Song Hyebin, Raskutti Garvesh
Department of Statistics, University of Wisconsin-Madison, Madison, WI.
J Am Stat Assoc. 2019;115(529):334-347. doi: 10.1080/01621459.2018.1546587. Epub 2019 Apr 11.
In various real-world problems, we are presented with classification problems with , referred to as presence-only responses. In this article we study variable selection in the context of presence only responses where the number of features or covariates is large. The combination of and presents both statistical and computational challenges. In this article, we develop the algorithm for variable selection and classification with positive and unlabeled responses. Our algorithm involves using the majorization-minimization framework which is a generalization of the well-known expectation-maximization (EM) algorithm. In particular to make our algorithm scalable, we provide two computational speed-ups to the standard EM algorithm. We provide a theoretical guarantee where we first show that our algorithm converges to a stationary point, and then prove that any stationary point within a local neighborhood of the true parameter achieves the minimax optimal mean-squared error under both strict sparsity and group sparsity assumptions. We also demonstrate through simulations that our algorithm outperforms state-of-the-art algorithms in the moderate settings in terms of classification performance. Finally, we demonstrate that our PUlasso algorithm performs well on a biochemistry example.
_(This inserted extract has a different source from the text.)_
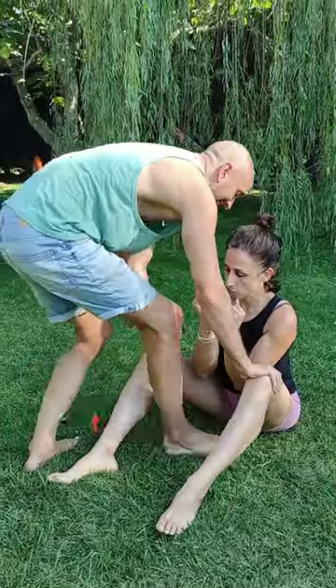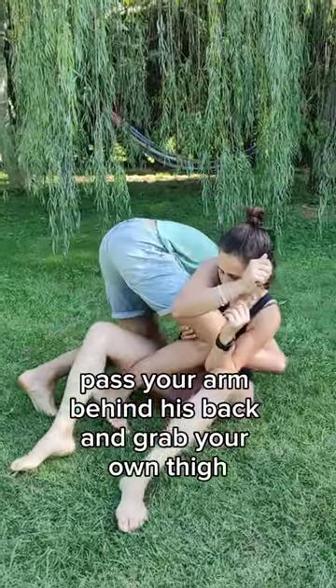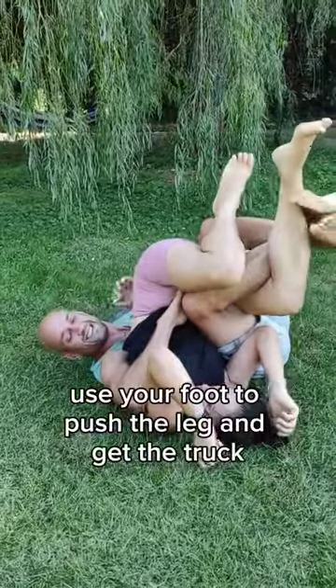Step in the middle of her legs, turn your foot in, pass your arm behind his back and grab your own thigh, roll over your shoulder, use your foot to push the leg and get the track.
Supplementary materials for this article are available online.
在各种实际问题中,我们会遇到分类问题,其响应仅表示为存在,即所谓的仅存在响应。在本文中,我们研究在仅存在响应的背景下进行变量选择,其中特征或协变量的数量很大。特征数量大与仅存在响应的结合带来了统计和计算方面的挑战。在本文中,我们开发了用于具有正例和未标记响应的变量选择与分类的算法。我们的算法涉及使用主元化-最小化框架,该框架是著名的期望最大化(EM)算法的推广。特别是为了使我们的算法具有可扩展性,我们为标准EM算法提供了两种计算加速方法。我们提供了理论保证,首先表明我们的算法收敛到一个驻点,然后证明在严格稀疏性和组稀疏性假设下,真实参数局部邻域内的任何驻点都能达到极小极大最优均方误差。我们还通过模拟证明,在中等设置下,我们的算法在分类性能方面优于现有算法。最后,我们证明我们的PUlasso算法在一个生物化学示例上表现良好。本文的补充材料可在线获取。